Горничная Евпраксия с полминуты раздумывала, – не иначе как вспоминала события пятимесячной давности, затем начала рассказывать…
– Когда я сумела открыть дверь и вошла в опочивальню молодой барышни, то они лежали на полу. Глаза их были закрыты…
– Обстановку в спальне барышни помнишь? – попытался я повернуть разговор в нужное мне русло.
– Помню, – ответила Евпраксия Архипова.
– Расскажи, пожалуйста, что ты увидела?
– Окно было отворено… – произнесла горничная и, немного подумав, добавила: – Настежь. – Потом, снова подумав: – Из него дуло.
– Так, из окна дуло… – констатировал я и быстро спросил, перейдя для пущей важности на «вы»: – А вы из него не выглядывали?
– Нет, – ответила Евпраксия.
– На первом допросе вы показали, что окно было расколочено. Что можете добавить по этому поводу? – продолжил я донимать вопросами служанку юной графини Борковской.
– Ну да, окно было разбито, – согласилась со мной Евпраксия. – Одна створка. На ней дырка такая была, – показала она ладонями примерный размер «дырки».
– Разумеется, на подоконнике осколки стекла, следы от сапог… – произнес я в стиле «как бы между прочим».
– Да нет! – махнула рукой горничная. – Ничего на подоконнике не было. Он чистый был.
– Чистый… Не было… – пробурчал я скорее для себя. – Значит, вы увидели лежащую на полу барышню и подошли к ней?
– Ага.
– Вы подошли к барышне… Под ногами захрустело битое стекло… – произнес я и пристально посмотрел на Евпраксию.
Горничная протестующе махнула рукой и безо всякого сомнения ответила:
– Да ничего под ногами не хрустело.
– Битого стекла под ногами разве не было? – изобразил я удивление.
– Не было, – произнесла горничная. – Это я точно помню.

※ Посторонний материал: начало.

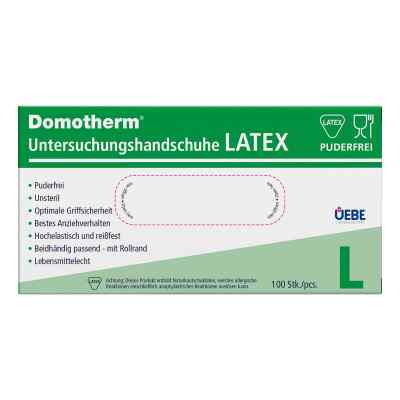 Domotherm Untersuchungshandschuhe Latex Unsteril Puderfrei L Bla 100 stk von Uebe Medical GmbH PZN 17247704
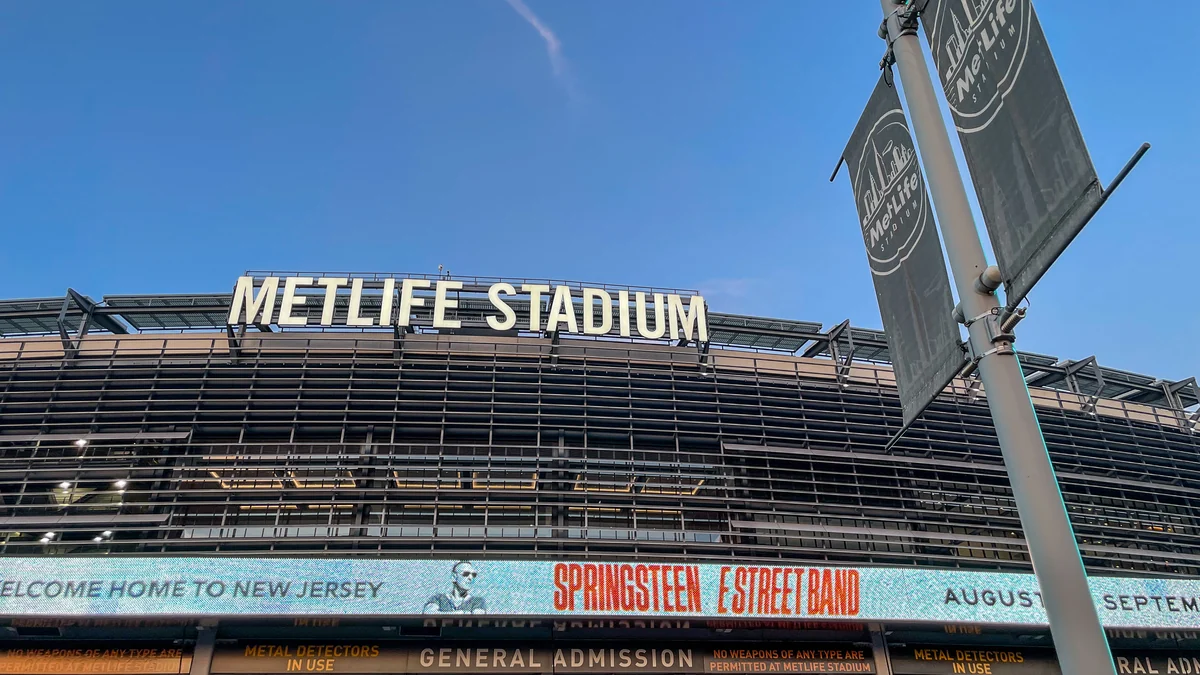 MetLife Stadium in East Rutherford, New Jersey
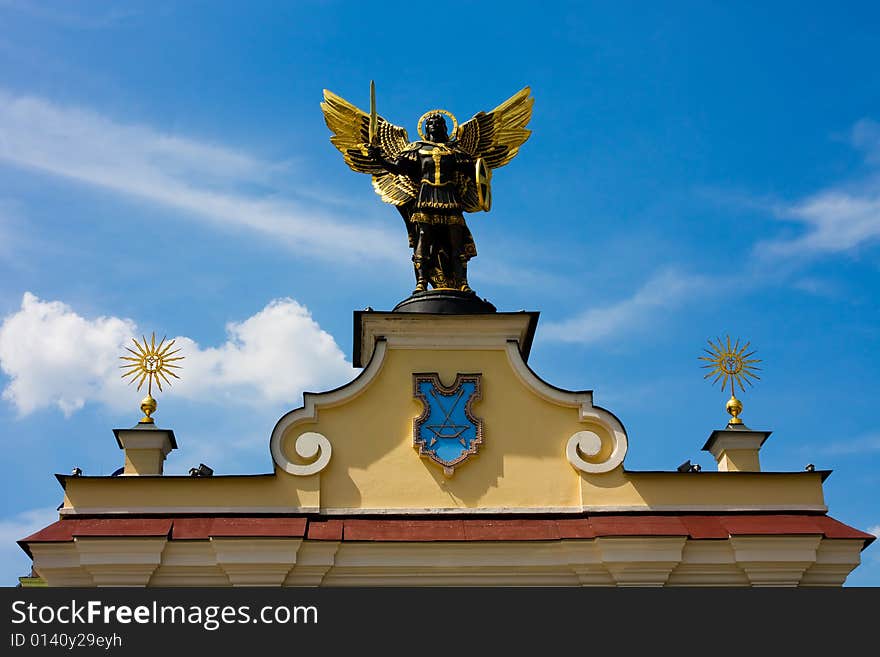 Archangel Statue in Kyiv Ukraine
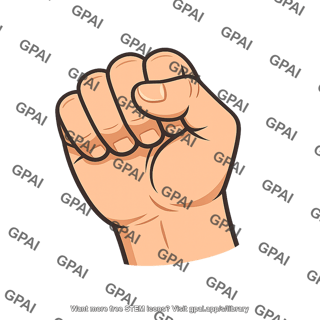 Athlete hand gripping
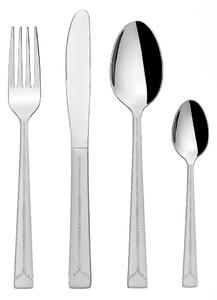 Posate argentate in acciaio inox 24 pz Bright – Orion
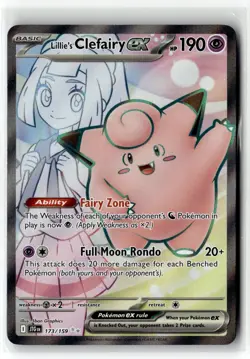 Lillie's Clefairy ex ⭐ 173/159 Holo Ultra Rare Journey Together 2025 Pokemon NM - Image 1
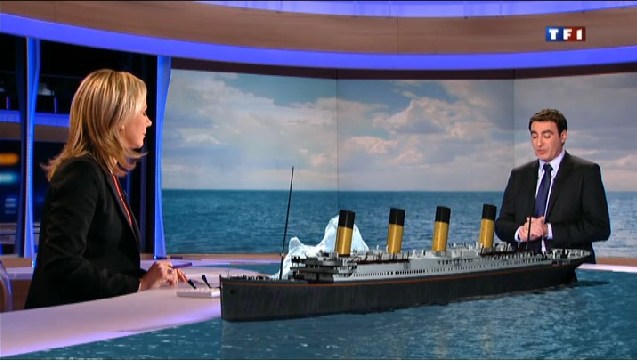 — Journal TV 20h sur TF1 - 23/01/2012 - Reconstitution naufrage Titanic en 3D —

– Так не было или вы не видели? – задал я очень важный уточняющий вопрос.
– Не было, – чуть подумав, ответила Евпраксия.
После нескольких минут беседы горничная освоилась и отвечала на вопросы охотно и безо всякой робости. Когда зашла речь о барышне, лежащей на полу в порванной ночной рубашке с пятнами крови, Евпраксия Архипова скроила горестное лицо и добавила:
– Вот ведь не везет нашей барышне этим летом…

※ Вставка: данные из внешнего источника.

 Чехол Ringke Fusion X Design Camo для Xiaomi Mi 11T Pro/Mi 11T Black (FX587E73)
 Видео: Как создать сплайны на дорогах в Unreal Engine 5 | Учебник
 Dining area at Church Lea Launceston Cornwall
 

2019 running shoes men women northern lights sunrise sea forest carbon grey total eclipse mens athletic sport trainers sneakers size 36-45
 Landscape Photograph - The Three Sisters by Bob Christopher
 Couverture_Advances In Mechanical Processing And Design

– А что так? – заинтересовался я.
– Так ровно за месяц до того, как забрался этот Скабрезный…
– Скарабеев, – поправил я Евпраксию Архипову.
– …ага, он самый, – продолжила горничная, – какой-то молодой человек из-за нашей барышни пытался утопиться в Оке.
– Вот как… Откуда же вам известно, что молодой человек пытался утопиться именно из-за вашей барышни? – не сразу спросил я, захваченный неожиданной новостью.
– Дык… Он потом письмо анонимное прислал. На следующий день… В нем признавался, что хотел утопнуть из-за неразделенной любви к молодой барышне, – посмотрела на меня Евпраксия Архипова. – Страсти-то какие, прости, Господи, – добавила она и истово перекрестилась.
– Что да, то да, – согласился я с последней фразой Евпраксии и снова перешел на «ты»: – Расскажи-ка мне все, что ты знаешь об этом неудавшемся утоплении.
– Ну, а что я знаю, – как-то не очень уверенно произнесла горничная. – Я мало чего знаю. Барышня тогда на роялях играли в гостиной, а тут прямо напротив окон он и остановился…
– Кто – он?
– Ну, он, молодой человек, – ответила Евпраксия Архипова.
– Остановился – и чего? – спросил я.
– Стал в окошко глядеть, а опосля начал выказывать свой восторг, – продолжила горничная.
– А как именно он «выказывал свой восторг»? – спросил я.
– Да всяко, – ответила Евпраксия Архипова и посмотрела на меня так, как смотрят на малое дите няньки и мамки. – И руками махал, и слова разные говорил, и на свидание барышню звал.
– Ясно, – заключил я. – А ты этого молодого человека видела?
– Да откудова ж мне видеть-то? – удивилась девушка.
– Тогда откуда же ты знаешь, что молодой человек останавливался против окон гостиной, глядел в них и выказывал свой восторг по поводу игры на рояле Юлии Александровны? – в свою очередь выразил удивление я.
– Дык разговор слышала… Я рядом стояла, когда молодая барышня об этом своей маменьке рассказывали, – пояснила Евпраксия Архипова.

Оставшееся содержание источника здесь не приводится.